**EXERCISE GOAL**
Output the lines of the records below exactly, beginning at their first line and ending at the line with "POM Wool Blend"; include no pictures.

**EXERCISE DATA**
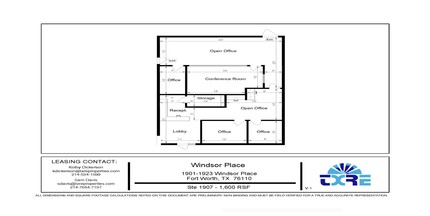 1901-1923 Windsor Pl, Fort Worth, TX for lease Floor Plan- Image 1 of 1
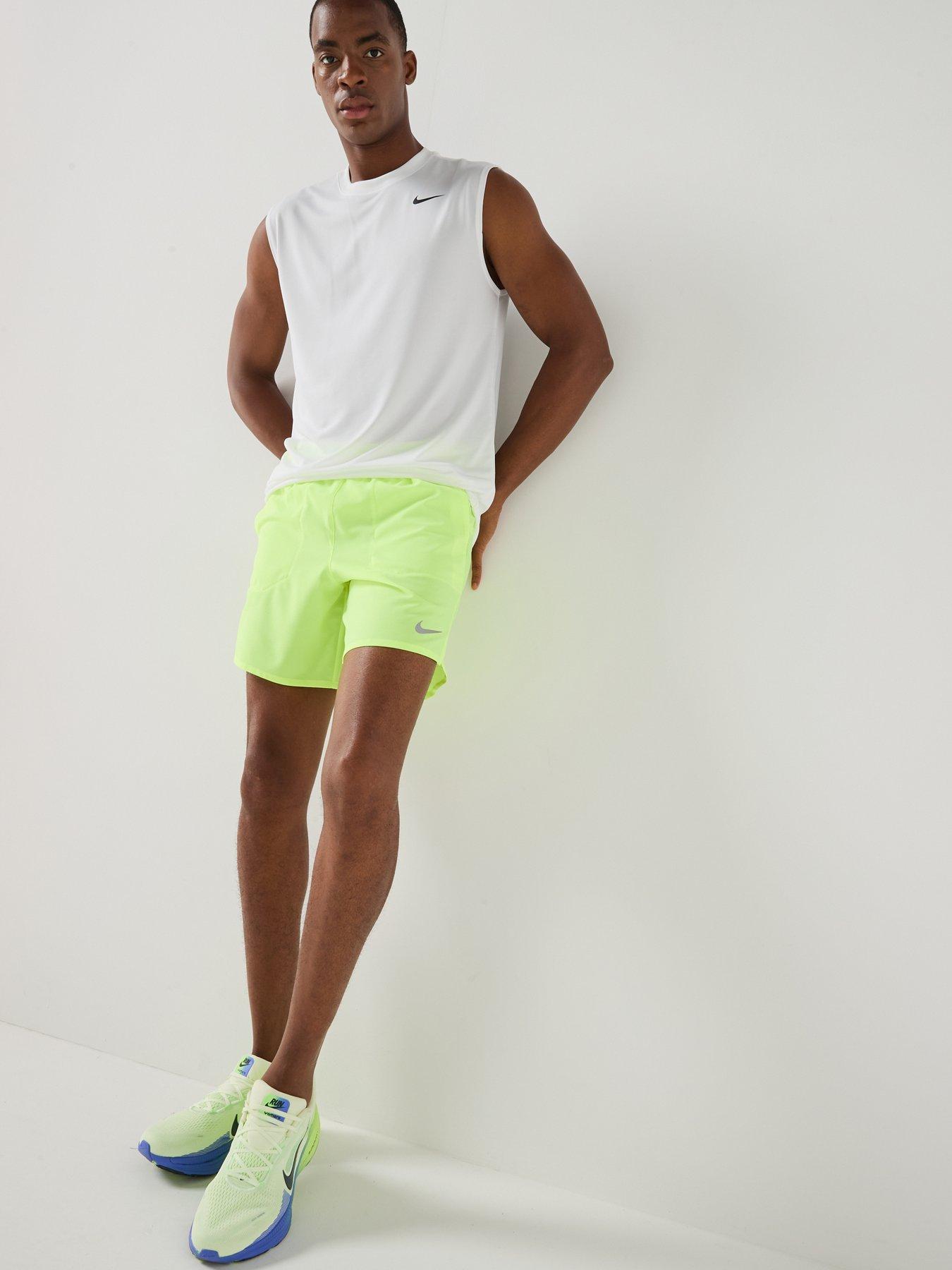 Image 3 of 7 of Nike Mens Running Dri-FIT Stride 7 Inch Brief Lined Shorts - YELLOW
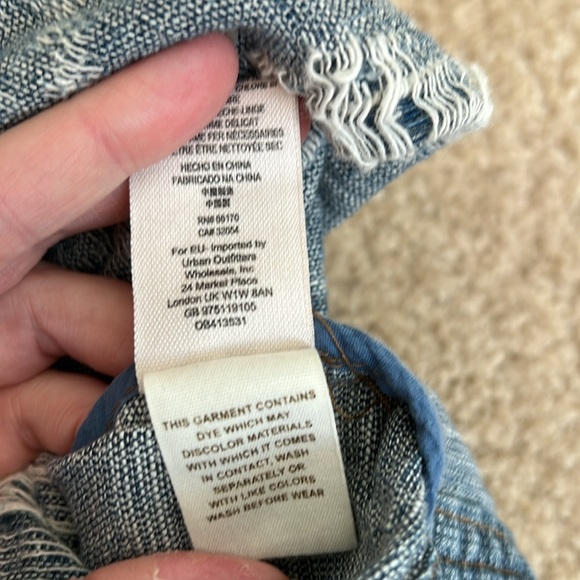 FREE PEOPLE DISTRESSED DENIM BOMBER JACKET - Picture 10 of 15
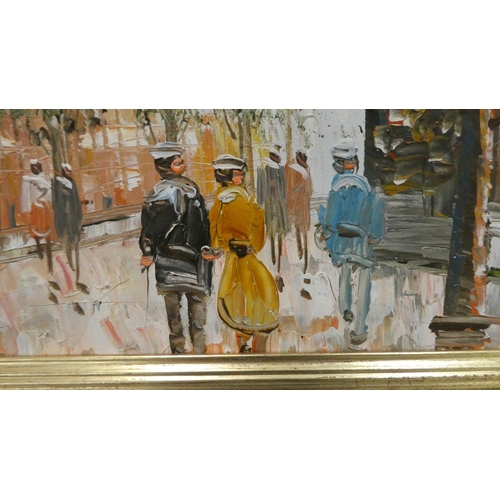 280 - Two works by Burnett - Parisian street scenes  oils on boards  bearing signatures  7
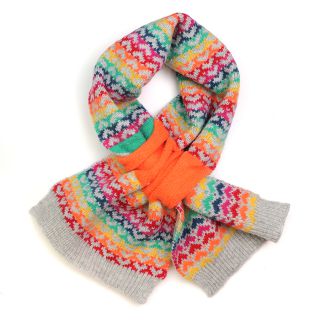 POM Wool Blend Pull Through Scarf 52709 Rainbow Hearts/Grey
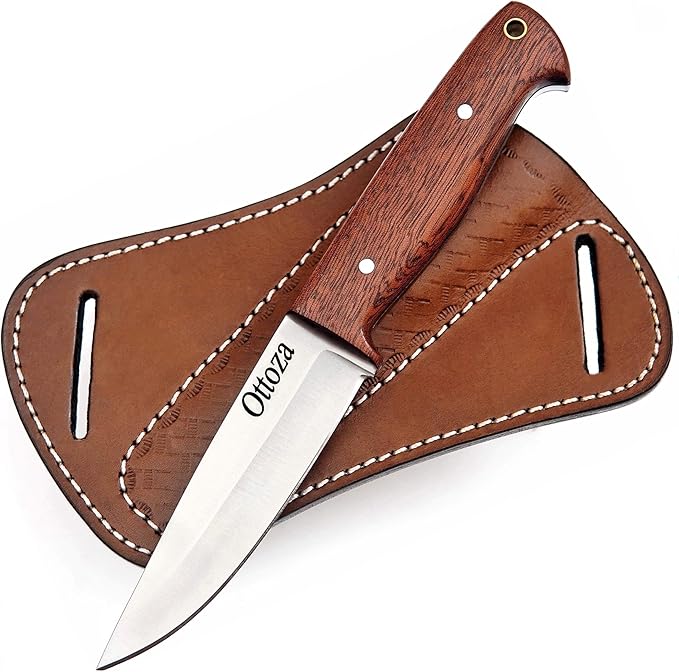 Ottoza Full Tang Bushcraft Knife with 1095 Carbon Steel Fixed Blade - Survival and Outdoor Camping Knife - Ballad Wood Handle Brown Leather Sheath 404
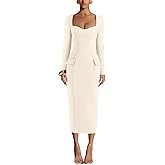 Puhrissimus Bodycon Maxi Dress for Women Sweetheart Neck Long Sleeve Cocktail Party Work Business Pencil Dresses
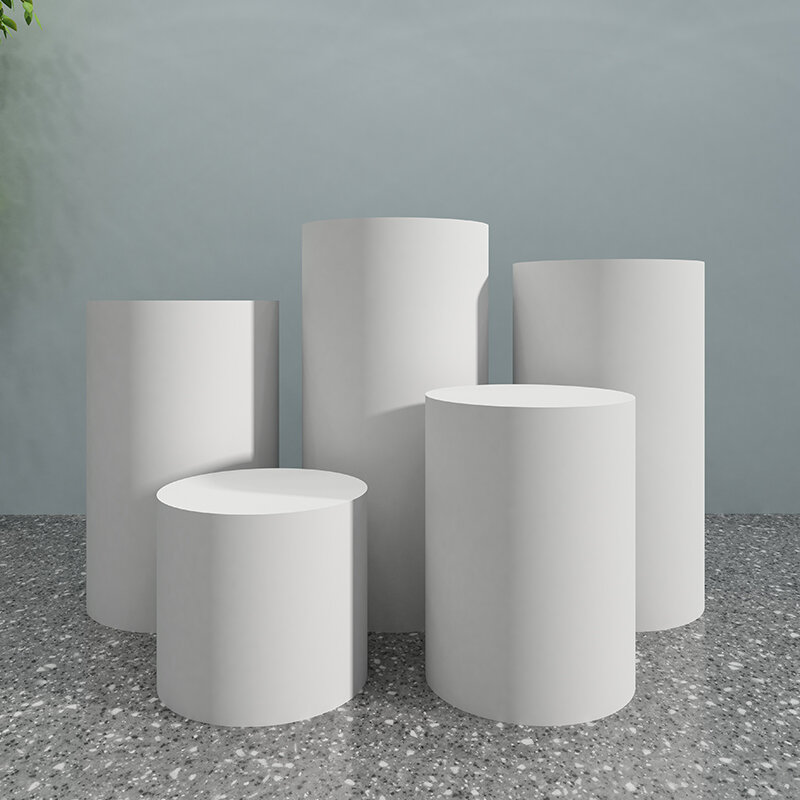 3 pçs cubo cilindro pedestal display ferro branco preto arte decoração do bolo rack pilares para diy decorações de casamento feriado
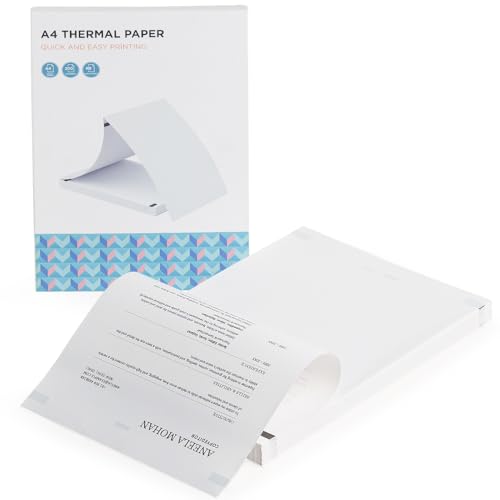 Kalopsia RG2 Thermodruckerpapier – 200 Blatt Tintenfreies Papier im A4-Format mit Positionierungsmarkierung für Hochwertigen Druck von Kalopsia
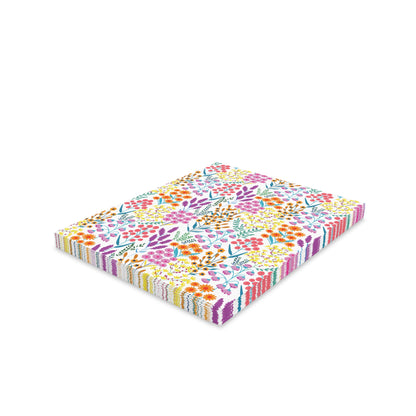 Floral Wildflower Greeting Cards — Pack of 8/16/24 feature vibrant botanical prints on matte-finish sheets. These folded cards, resembling garden blooms, convey joyful, personalized sentiments, each with a matching white envelope.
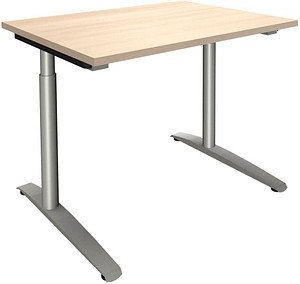 fm Sidney höhenverstellbarer Schreibtisch akazie rechteckig, C-Fuß-Gestell Rundrohr silber 100,0 x 80,0 cm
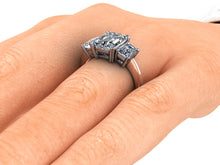 Two Tone Trilogy Forever One Moissanite Engagement Ring Platinum and 18k Rose Gold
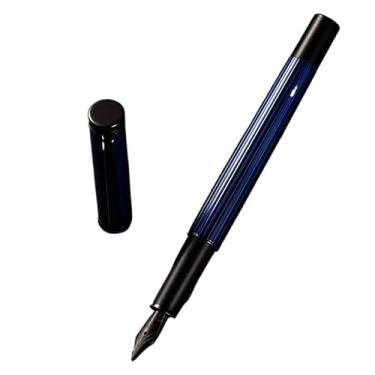Imagem de AMSOH Caneta-tinteiro de metal azul/vermelha/preta, qualidade de luxo, estudante, financeiro, material escolar, material de escritório, canetas, artigos de papelaria (mar azul, médio)
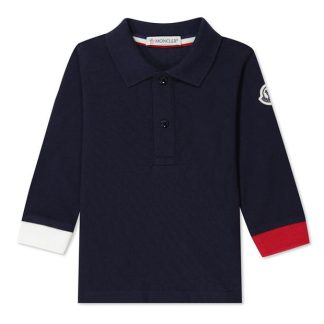 MONCLER Tricolour Polo Shirt Kids Short Sleeve Polos Navy 778 for sale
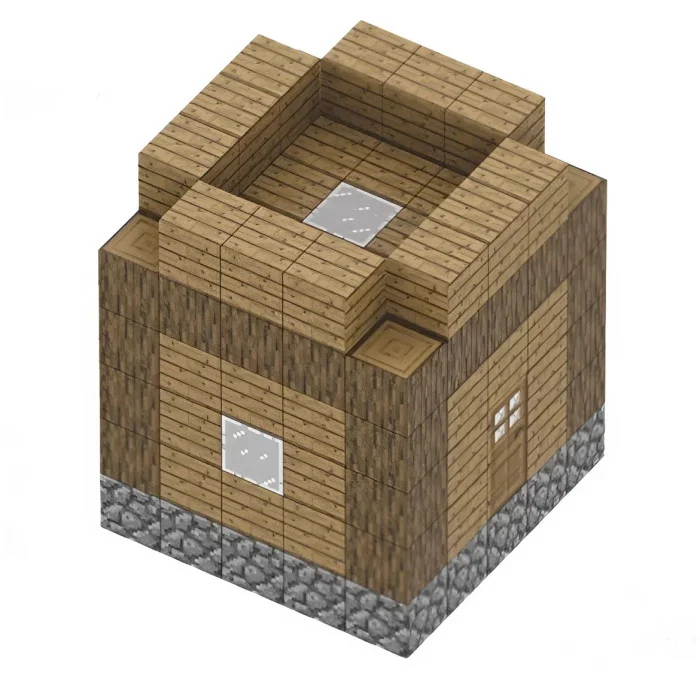 Сучасний дерев'яний будинок 110 дет. | Дитячій магнітний конструктор в стилі Minecraft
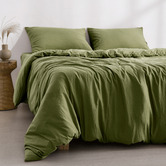 Dreamaker Olive Washed Microfibre Quilt Cover Set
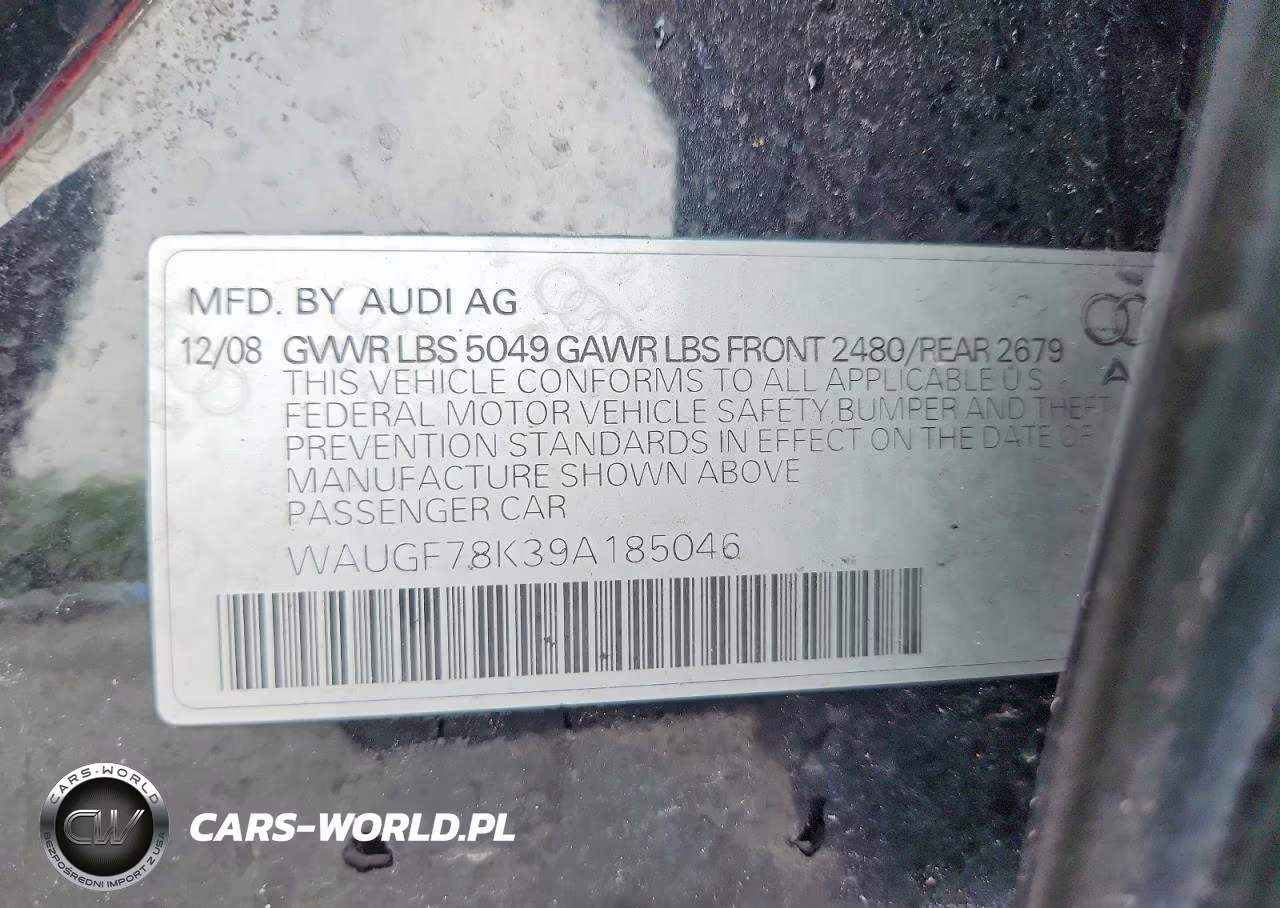 2009 Audi A4 Premium Plus VIN:WAUGF78K39A185046 - 12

**RESPONSE AREA**
 1901-1923 Windsor Pl, Fort Worth, TX for lease Floor Plan- Image 1 of 1
 Image 3 of 7 of Nike Mens Running Dri-FIT Stride 7 Inch Brief Lined Shorts - YELLOW
 FREE PEOPLE DISTRESSED DENIM BOMBER JACKET - Picture 10 of 15
 280 - Two works by Burnett - Parisian street scenes  oils on boards  bearing signatures  7
 POM Wool Blend Pull Through Scarf 52709 Rainbow Hearts/Grey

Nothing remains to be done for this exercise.